Secondo il CENSIS (Centro Studi Investimento Sociali), l’Italia è diventato un Paese sempre più cinico. Lo dimostra anche quanto sta accadendo a Roma, città in cui è scoppiata la grana dell’inchiesta "Mafia Capitale", in cui sono state arrestate circa cento persone e ne sono state indagate almeno un centinaio, tra cui l’ex-Sindaco Giovanni Alemanno ed esponenti del Partito Democratico.

Certo, bisogna vedere se tutte le persone che sono state coinvolte sono effettivamente colpevoli e (se sì) in che misura. Però, si sta vedendo il cinismo e questa crisi lo sta tirando fuori tutto. Non lo si sta vedendo solo dai fatti eclatanti (come quello che ho citato) ma anche dalle piccole cose. Si può dire che la crisi stia tirando fuori il peggio di noi. Il senso della comunità è venuto meno e ognuno pensa a salvare la propria baracca. E pur farlo, è disposto anche a calpestare il proprio prossimo o a fare un danno alla società in cui vive.

Si arriva a fare del male agli altri pur di sopravvivere. Si vede in tutti i livelli, dalla politica al mondo del lavoro. Si compiono persino atti di illegalità. Chi è debole viene lasciato solo.
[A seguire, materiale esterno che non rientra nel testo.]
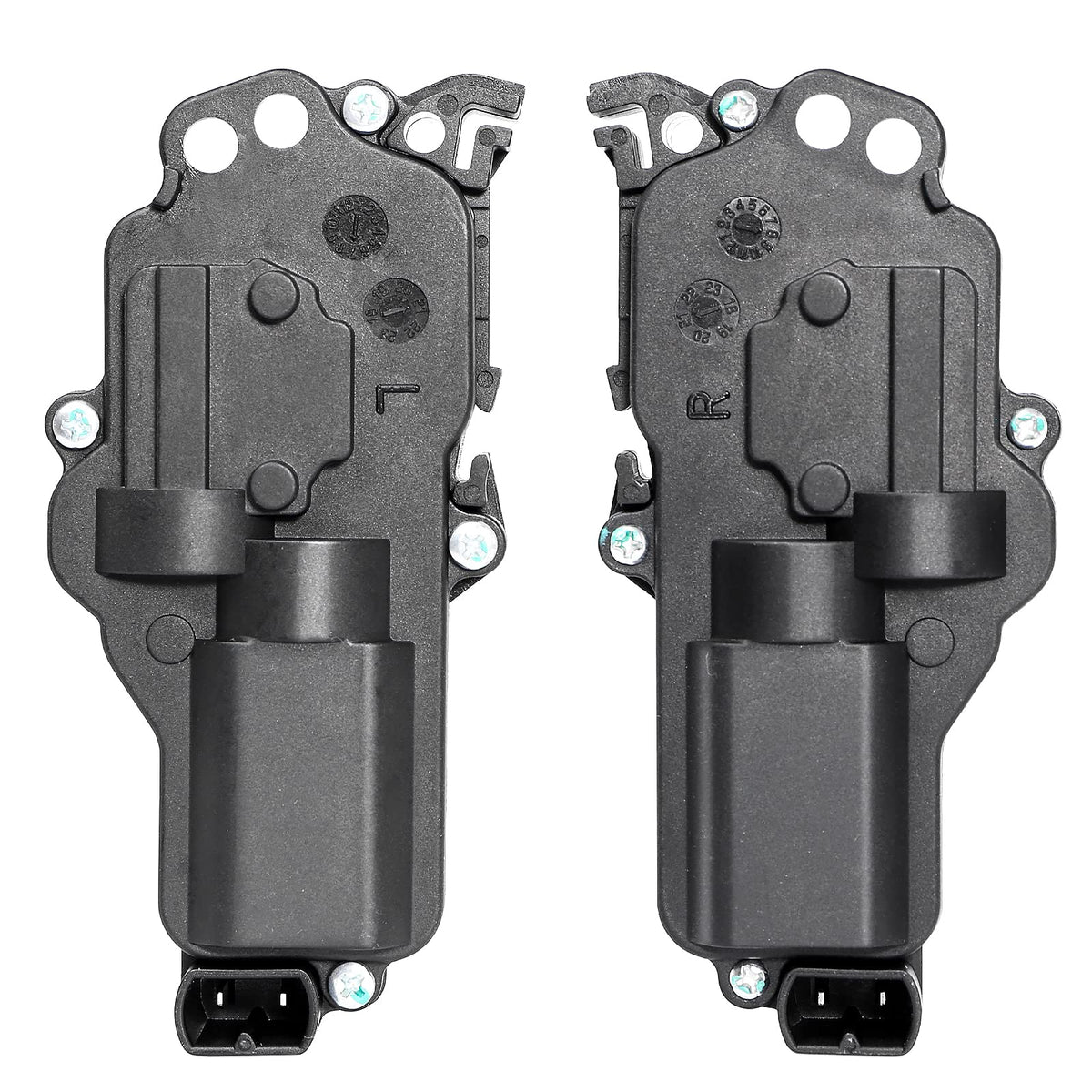 Power Door Lock Actuator Front Rear Driver & Passenger Side Replacement For Ford Excursion Expedition F150 F250 F350 F450 Ranger Taurus Mazda B2300 B2500 B3000 B4000 Mercury, 746-148 746-149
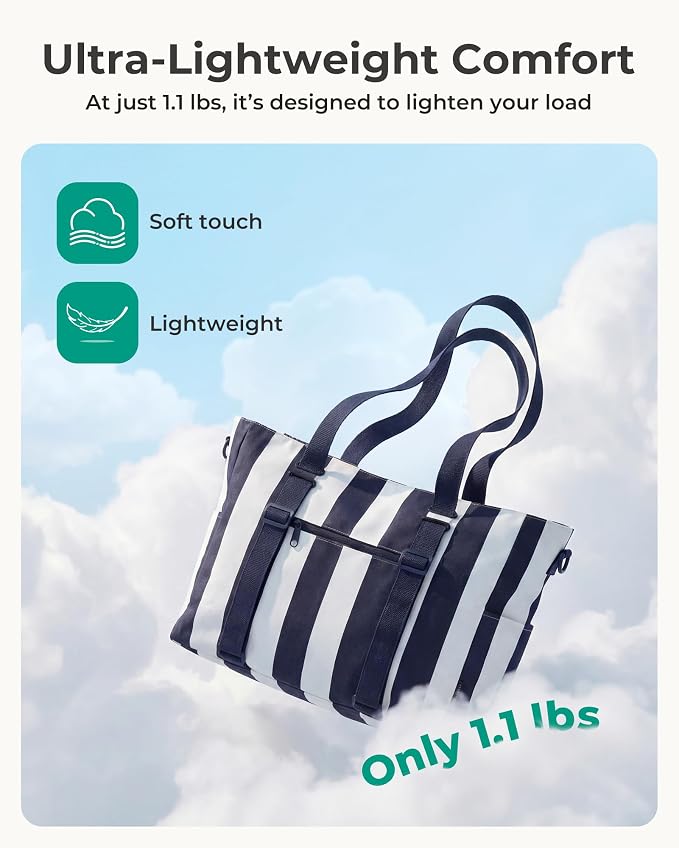 BAGSMART Large Beach Bag for Women, Oversize Tote Bag for Travel/Swim Pool/Summer | 3-Ways to Carry - Image 6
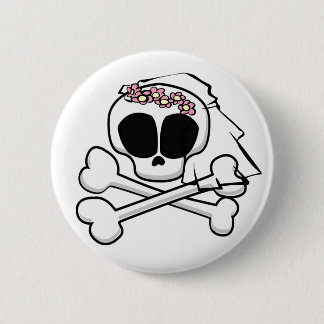 Chapa Redonda De 5 Cm Regalos de Novia en Skull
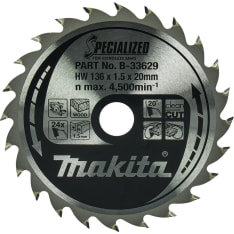Makita 136x20x1,5 mm Z-24 pyörösahanterä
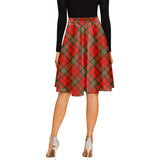 Clan Langlands Tartan Melete Pleated Midi Skirt V723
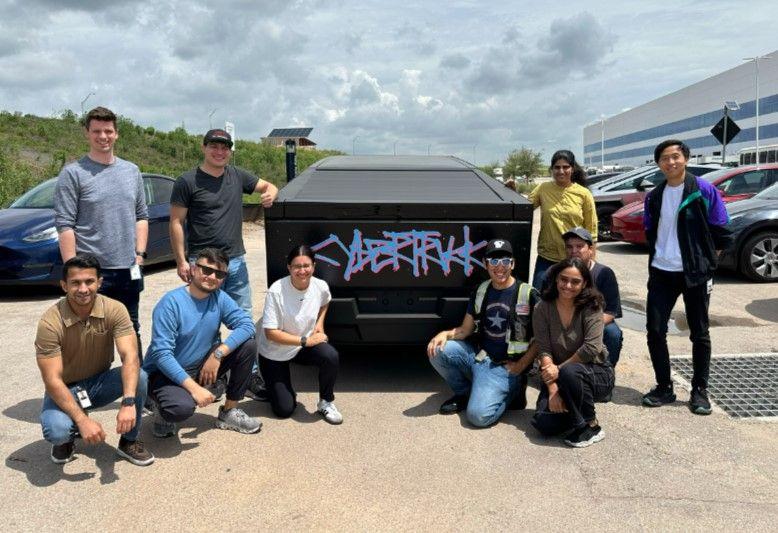 Tesla Cybertruck Official: 1st Dry Cathode Battery Cybertruck and Its Development Team guaviwxxmaatyk0-jpe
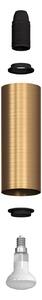 Creative cables Fermaluce vintage nastavitelné kovové nástěnné bodové svítidlo se stínidlem Tub-E14 Barva: Matný bronz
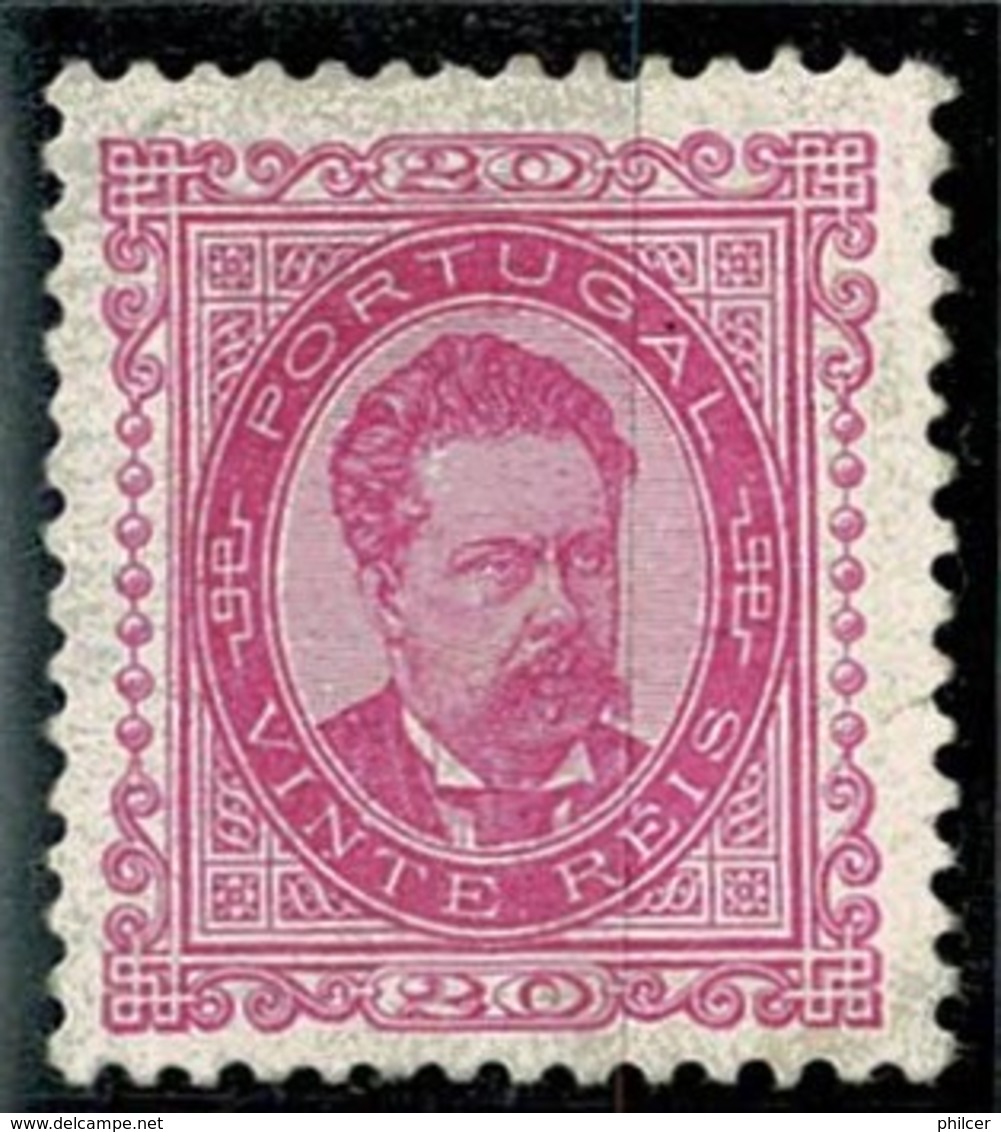 Portugal, 1884/7, # 62 Dent. 11 1/2, MH - Neufs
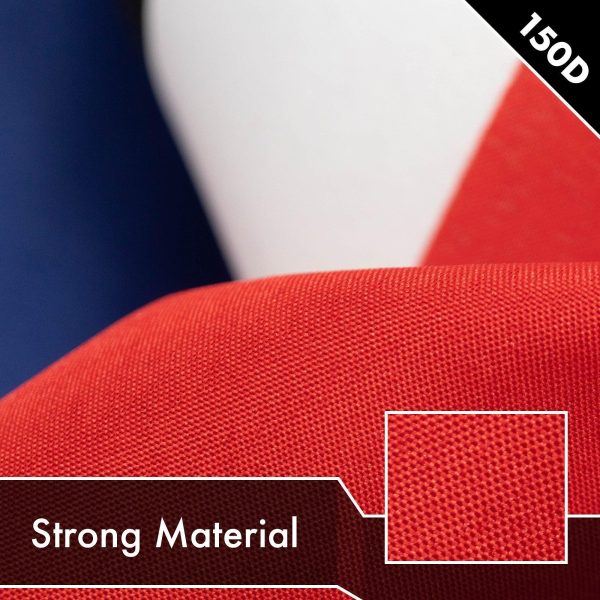 G128 2 Pack: Open Flag | 4x6 Ft | LiteWeave Pro Series Printed 150D Polyester | Commercial Business Flag, Vibrant Colors, Brass Grommets, Thicker and More Durable Than 100D 75D Polyester - Image 4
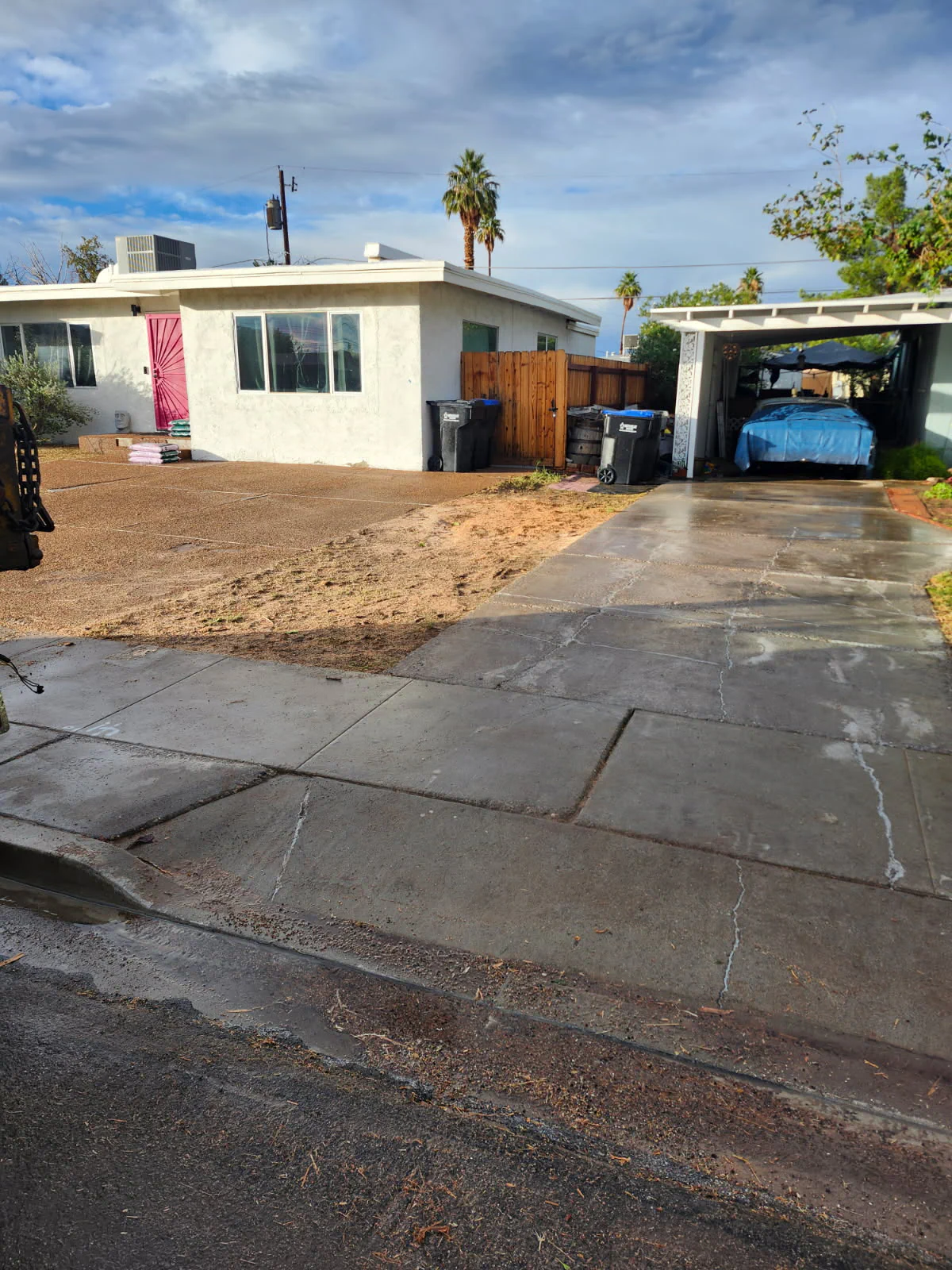 Cleared stump area after professional tree removal in Aliante, Las Vegas, NV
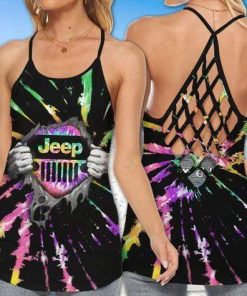 Jeep Hands Tie Dye Cross Tank Top – Legging 3d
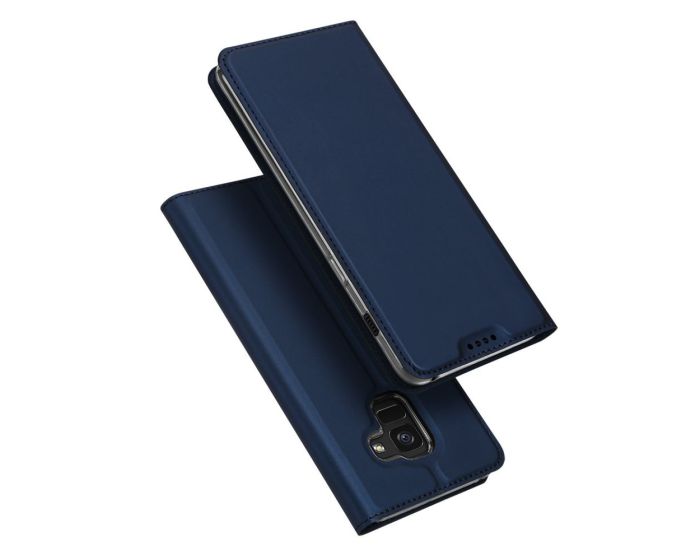 DUX DUCIS SkinPro Wallet Case Θήκη Πορτοφόλι με Stand - Navy Blue (Samsung Galaxy A8 Plus 2018)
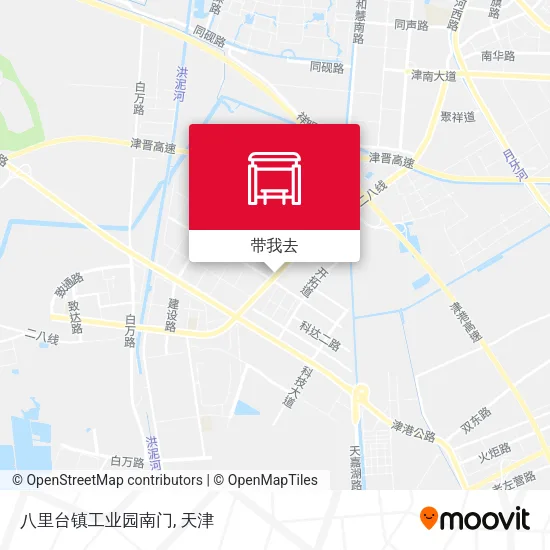 八里台镇工业园南门地图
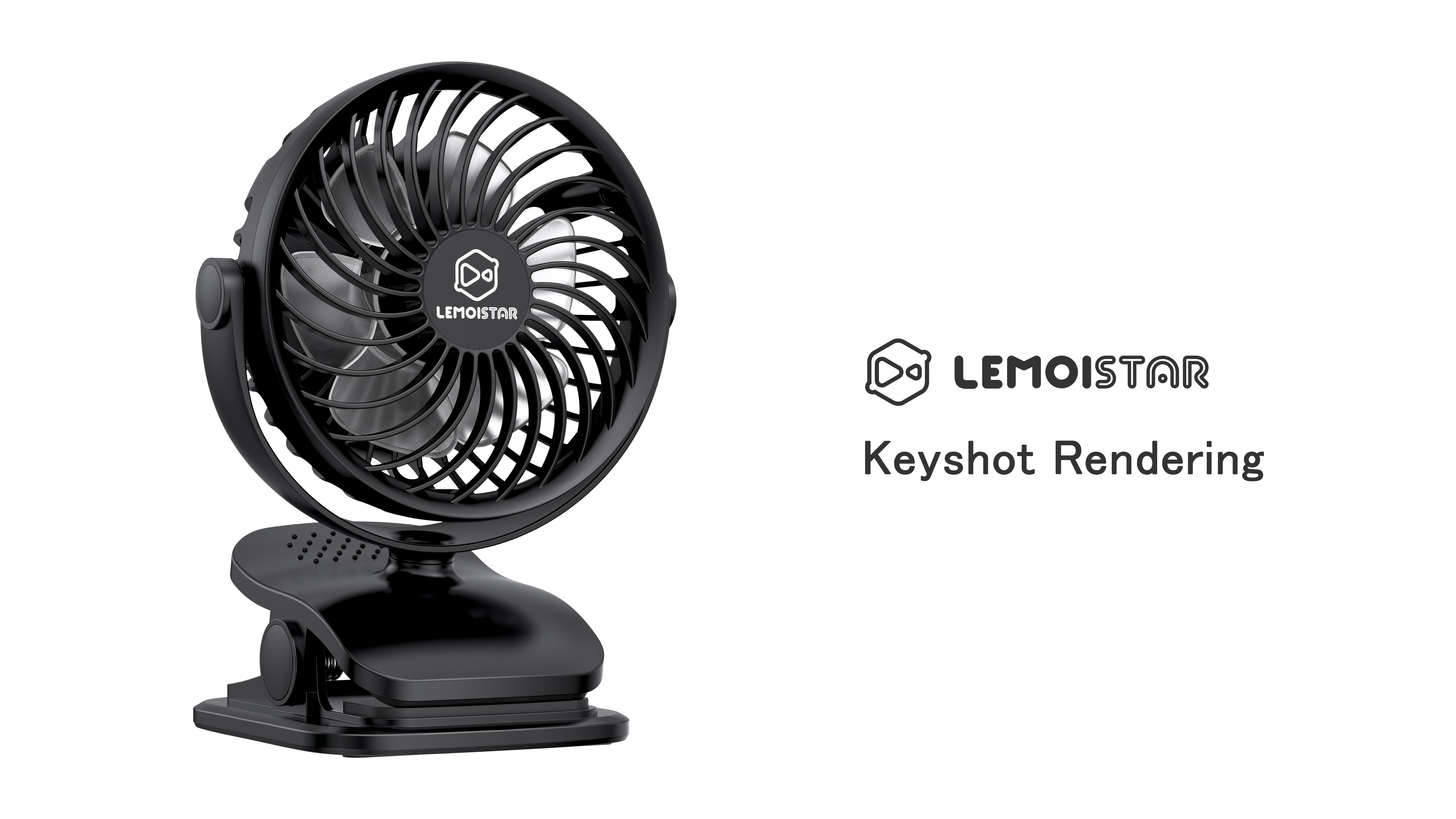 keyshot，Product rendering，Fan，Small fan，Scene rendering，
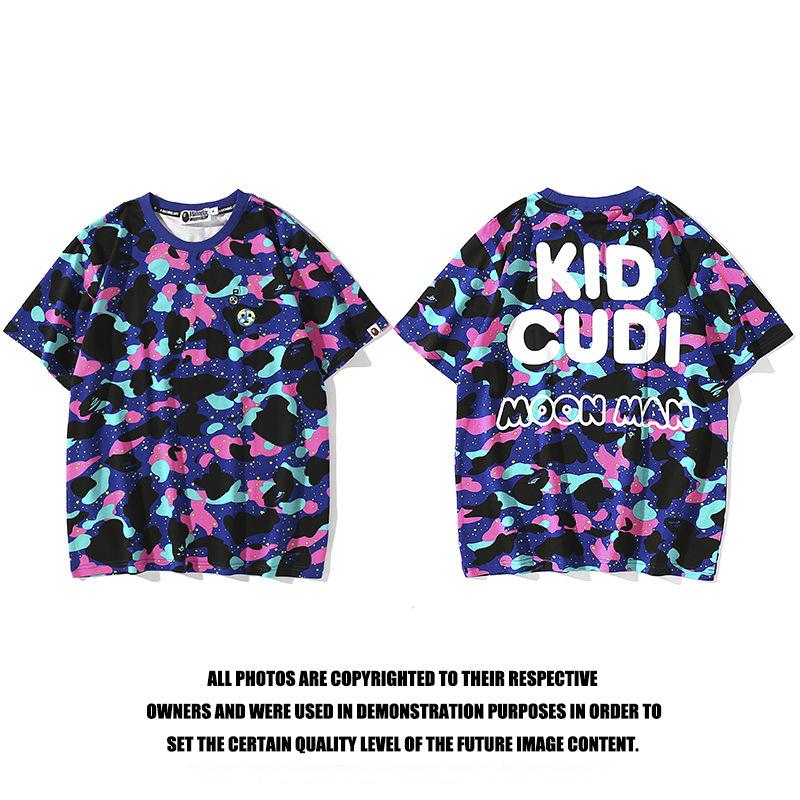 Bathing Ape T-Shirt Summer Cotton Short Sleeve T-shirt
Oltre al cinismo, un altro dato negativo che emerge dallo studio del CENSIS è il fatto che l’Italia stia sprecando una risorsa importante: i giovani. La gerontocrazia è ovunque. Basti pensare alla politica, come alla giustizia, come a qualsiasi altro settore della nostra società. Evidentemente, chi ha il posto assicurato tende a restare lì. Inoltre, manca la meritocrazia e va avanti solo chi ha agganci con i "potenti" e non chi merita. Se poi teniamo conto del fatto che le istituzioni non funzionano, il quadro desolante è completo.

Questi sono segnali di una società che se non cambia va inevitabilmente in declino.

Termino, augurando buon Natale e felice anno nuovo a voi di ItaliaChiamaItalia e ai lettori.